Feature

Exhibit of the week: Julia Margaret Cameron

You’d be forgiven for thinking of Instagram when looking at the work of Julia Margaret Cameron.

The Metropolitan Museum of Art, New York
Through Jan. 5

You’d be forgiven for thinking of Instagram when looking at the work of Julia Margaret Cameron, said Jonathon Keats in Forbes.com. During her 11-year career as a photographer, this British cosmopolitan (1815–79) built a body of work that “retains uncanny vibrancy” in part because of apparent technical imperfections. Critics who dismissed her ethereal portraits of such famous acquaintances as Lewis Carroll and Alfred, Lord Tennyson, didn’t appreciate what she was up to: “Rather than trying to suppress the chemical and physical limitations of 19th-century photography, Cameron flaunted them.” Today, Instagram and similar photo apps purposefully introduce atmospheric effects like lens flare and oversaturation into digital snapshots. But Instagram adds flaws blindly and uniformly. Cameron was doing almost the opposite: carefully exploiting the intrinsic technological limits of 19th-century photography to enlarge the medium’s expressive range.

Cameron, at midlife, ascended “almost instantly” from “accidental hobbyist to relentless professional,” said Karen Rosenberg in The New York Times. She was 48 when she received her first camera, a present from her daughter. Soon she was using it to create portraits of friends, servants, and Britain’s artistic elite, and the show “crackles with the vivacity of Cameron and her fellow aesthetes.” Not that her subjects were always flattered by their likenesses, said Richard B. Woodward in The Wall Street Journal. Tennyson nicknamed Cameron’s 1865 portrait of him “The Dirty Monk.” Yet most modern viewers will find every straight portrait superior to Cameron’s staged tableaux that were designed to re-create scenes from the Bible or English literature. Filled with “adorable children and saintly mothers,” these images remain most popular among viewers who have a taste for camp.

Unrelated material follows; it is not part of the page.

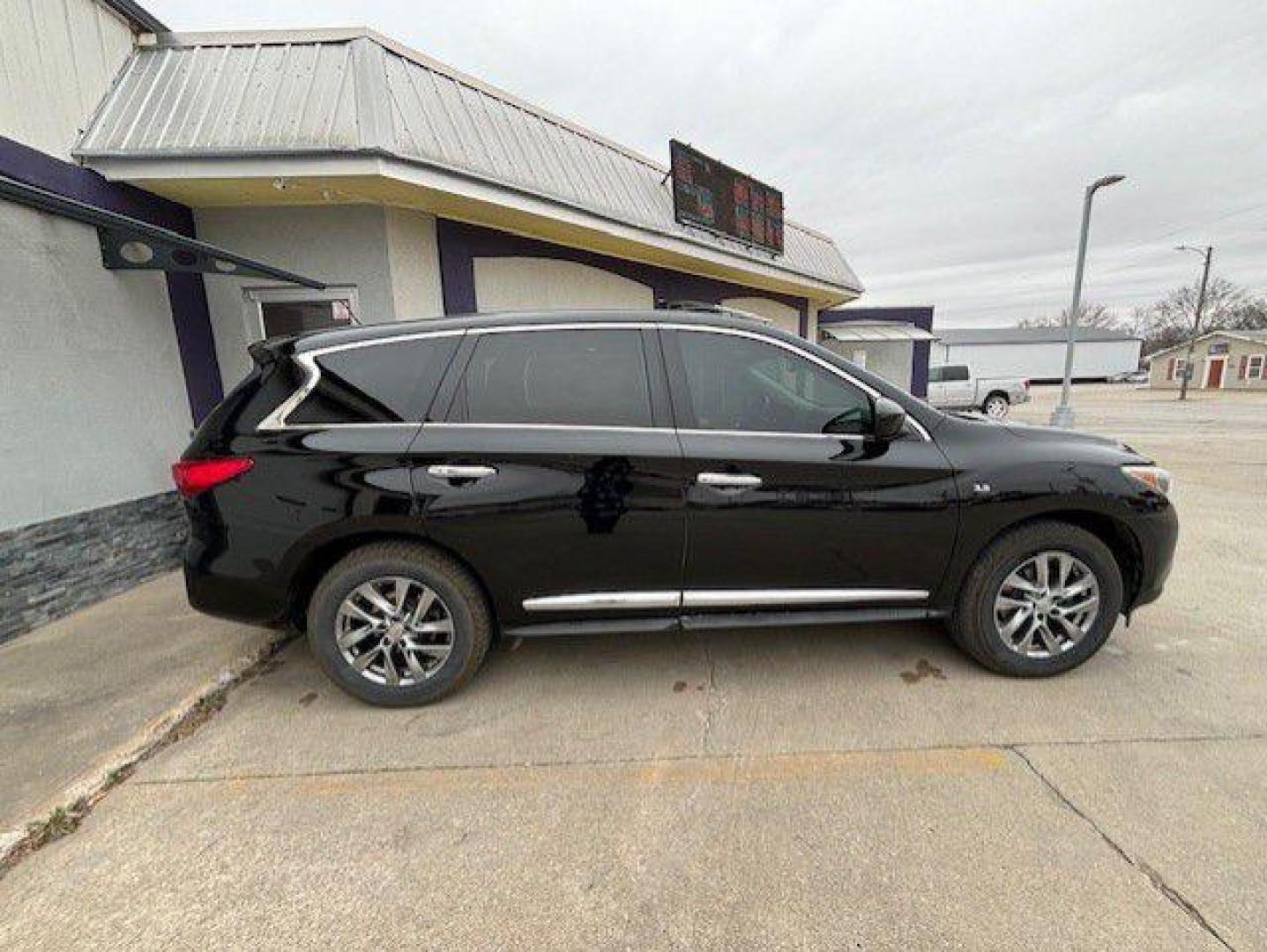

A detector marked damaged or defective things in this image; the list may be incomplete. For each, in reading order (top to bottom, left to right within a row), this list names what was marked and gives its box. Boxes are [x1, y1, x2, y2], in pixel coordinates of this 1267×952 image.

parking lot crack [1009, 747, 1241, 945]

Even given the divisions created by her stagiest work,“nothing in Cameron’s legacy is fought over with more gusto” than the matter of focus, said Anthony Lane in The New Yorker. Cameron never tightened her camera’s aperture, resulting in pictures that consistently present a single thin plane of focus, “with everything in front of it and behind it slipping into a haze.” Some commentators have wondered if this was less an artistic choice than a product of poor eyesight. But at the Met’s small but potent Cameron show, you can see, in an 1867 portrait of Thomas Carlyle, what her unusual technique allowed her to accomplish. The photograph is primarily “a great well of shadow, in which one half of the writer’s face is drowned.” The other half of Carlyle’s face, “with its lonely eye and its salty shock of hair,” isn’t frozen in time. Instead, it “shudders and blurs,” as if Cameron had caged a living spirit that “would not, and could not, hold still.”